Nella sconfitta del centrosinistra pesanti responsabilità del Pd (di Michele Perrone)
Una riflessione sulla tornata elettorale appena conclusasi.
Forse è giunto il momento di tentare una disamina su questa tornata elettorale foggiana.
In verità ve ne è stata più d'una; qualcuna l'ho trovata interessante - quella di Antonella Caruso, anche se non la condivido appieno-qualche altra l'ho trovata sconcertante, come quella del PD.
Se dunque il quesito è : perché Landella ha vinto e Cavaliere ha perso, la risposta è lapalisssiana.
Landella ha preso più voti di Cavaliere, come direbbe Catalano.
Ma non mi pare che tanto si debba alle foto, agli atteggiamenti, alla strategia elettorale di Landella.
Partiamo da un dato : Foggia è una città di destra, una città di provincia con condizioni economiche molto disagiate e quindi con larghi strati di popolazione in stato di bisogno, perciò sensibile alle aspettative individuali.
Vogliamo cioè dire che tra la promessa di una città più vivibile per tutti , più pulita ad esempio, e la promessa di un alloggio popolare per il proprio nucleo familiare, non c'è competizione. Vince sempre il proprio particolare. Quanto poi alla strategia elettorale, ognuno scende in campo con la propria immagine, il proprio vissuto, il proprio modo di essere.
Landella non ha interpretato il popolo foggiano: Landella è il popolo foggiano, con il suo vocabolario di duemila parole, la cosiddetta lingua del bar, con la sua idiosincrasia per i congiuntivi, con i fuochi d'artificio (avete mai visto un matrimonio popolare in cui manchino l'orchestrina od i fuochi di artificio a chiudere la serata?)
Aggiungiamo anche che va riconosciuta a Landella la capacità nell'acquisire il consenso ed una buona dose di spregiudicatezza ed avremo il quadro completo delle ragioni per cui ha vinto.

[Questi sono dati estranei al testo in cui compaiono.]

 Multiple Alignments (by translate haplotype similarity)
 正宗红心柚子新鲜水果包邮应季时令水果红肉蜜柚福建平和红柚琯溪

Ma adesso domandiamoci: per contrastare Landella, quale avrebbe dovuto essere la strategia di Pippo Cavaliere? In realtà Pippo ha fatto la sua parte fino in fondo e l'ha fatta bene; non gli si poteva chiedere di essere diverso da quello che è, di stravolgere il suo modo di porgersi, di mutare la sua immagine.
Chi ha perso le elezioni a Foggia, diciamolo pure, è stato il PD. Che le perderà ancora ed ancora se continuerà ad interpretare la realtà come ha fatto, cantando vittoria per i risultati ottenuti in provincia ed addirittura attribuendo la sconfitta foggiana ai 5Stelle, come se quelli avessero il dovere di scegliere al ballottaggio Cavaliere. Invece che indulgere in spiegazioni ridicole, si chieda il PD come è stato possibile cedere a Landella ed alle forze di centrodestra quelle che erano le roccaforti della sinistra, le periferie ed i quartieri popolari, Borgo Croci ed il CEP.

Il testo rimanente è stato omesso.